A couple of health problems which enforced some rest gave an opportunity to watch Series 13 in fairly short order. It generally feels like an organic continuation of the Doctor as we'd seen him in Series 12. Doctor Who continues its tradition of drawing inspiration from any sources it can lay its hands on, and often to very good effect. This series, there's more than a touch of Hammer, some Forbidden Planet, a hint of Westworld, an enormous dollop of Frankenstein, and it finishes with a mélange of Quatermass, The Thing, and an Avengers episode*. It also features the last appearances of U.N.I.T. for many years (oddly, in three out of six stories, though I never remember this series like that).

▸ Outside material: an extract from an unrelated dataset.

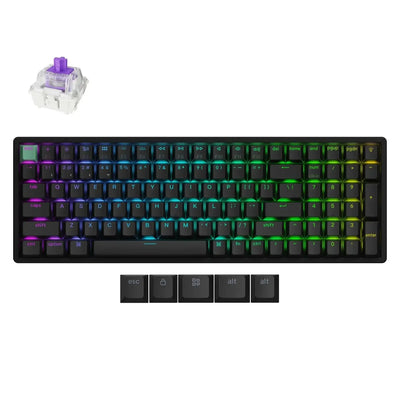 Bezprzewodowa klawiatura mechaniczna 96% z podświetleniem RGB, wymienne keycapy i switche.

It's a lot of fun. Quality seems more even, on the whole, and if nothing is quite at the peak of Genesis, Pyramids is pretty close. Only the U.N.I.T. stuff feels a little out of place, out of time perhaps, and if there's a really weak story it is The Android Invasion; it really feels like well-trodden ground. Particularly odd is the way the Doctor enters the action in Seeds - almost as though he's his predecessor, basically stuck on Earth (and it's quite an odd continuity slip that the Tardis takes them “back” to Antarctica at the end when it didn't take them there in the first place). Tom Baker is fully inhabiting the role, which is no surprise, really. because he pretty much did that from Robot. Elisabeth Sladen is very settled in as Sarah and the two play off each other beautifully. Some of the guest cast do particularly well, notably Tony Beckley as the completley unhinged Harrison Chase, Sylvia Coleridge as the eccentric but sharp artist Amelia Ducat, and the lovely Michael Sheard as Laurence Scarman, tortured by what has happened to his brother and unable to accept it. As always, effects and sets could be the weak link (no one mention the Skarasen!), but the jungle set for Planet of Evil is exceptionally good, a beautifully atmospheric set.

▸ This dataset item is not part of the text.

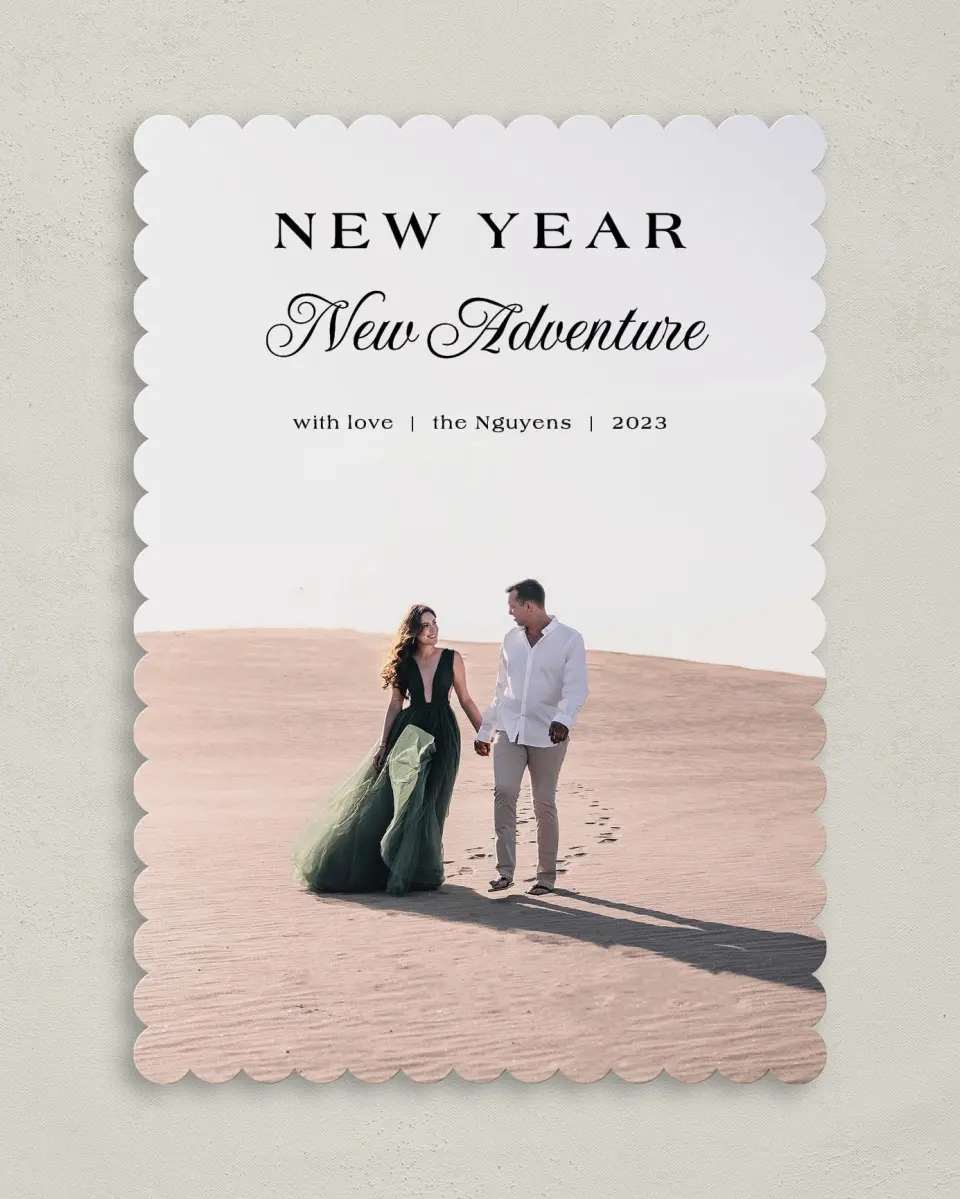 This is a 5" x 7" Christmas Card called Year of Adventure printed in full color on Premium Smooth paper on Premium Smooth paper on Premium Smooth paper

What I always remember about watching Who back then was that it wasn't always good, there were disappointing stories or even episodes, but there was always the expectation, each week, that the next episode would be good. This season pretty much bears that up, even the poorer episodes are entertaining, and the Doctor and Sarah work very well together. As when it was broadcast, I finished looking forward to seeing the next series; unlike then, I'm slightly sad that Series 14 will (already!) be Philip Hinchlciffe's final as producer.